This is a programming assignment where you are required to use recursion to implement the following functions:
- $f(n)=n!$. Please print out the first 10 terms.
- For any $\alpha\neq 0$, define $f(\alpha, n )=\binom{\alpha}{n}$. Print out the first 10 terms when $\alpha=\frac{-1}{2}$.
- Define $f(1)=1$, $f(2)=2+\frac{1}{1}$, $f(3)=1+\frac{1}{2+\frac{1}{1}}$, $f(4)=2+\frac{1}{1+\frac{1}{2+\frac{1}{1}}}$, $f(5)=1+\frac{1}{2+\frac{1}{1+\frac{1}{2+\frac{1}{1}}}}$. Notice the pattern in the above sequence and print out the first 20 terms. Can you determine if this sequence is convergent by observing the numerical results?
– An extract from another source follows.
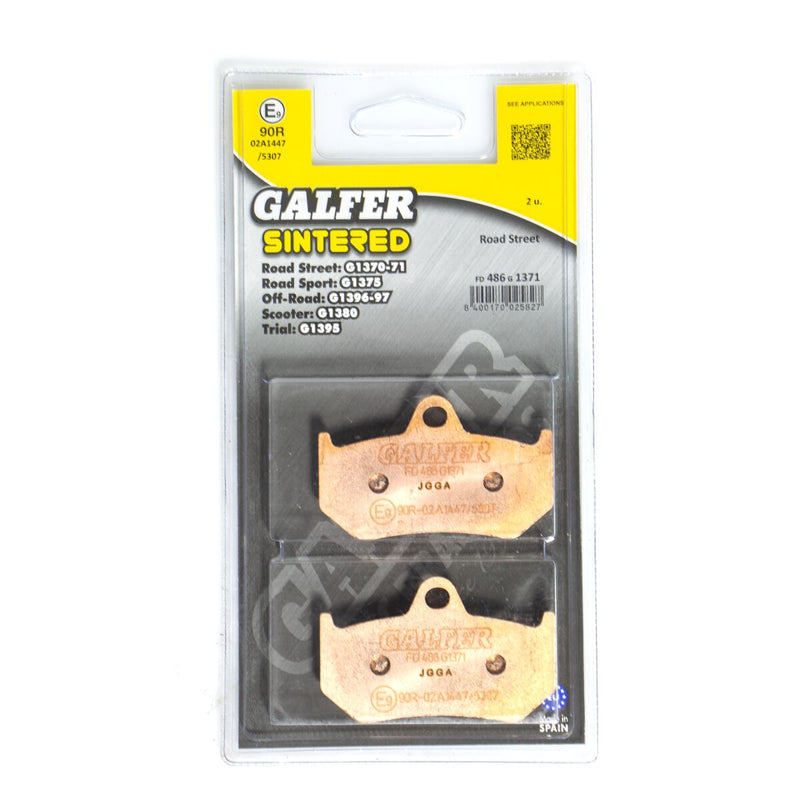 HH Sintered Brake Pads For MV Agusta BRUTALE 1078 RR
- (Just for fun) Let’s consider nonzero real numbers $a_1$, $a_2$, $\cdots$, $a_n$. We define $f(1)=a_1$, $f(2)=a_2+\frac{1}{a_1}$, $f(3)=a_3+\frac{1}{a_2+\frac{1}{a_1}}$, $\cdots$, $f(n)=a_n+\frac{1}{a_{n-1}+\frac{1}{a_{n-2}+\dots}}$. Furthermore, $f(n+1)=a_1+\frac{1}{f(n)}$, and this pattern continues. The task is to print out the terms of $f$.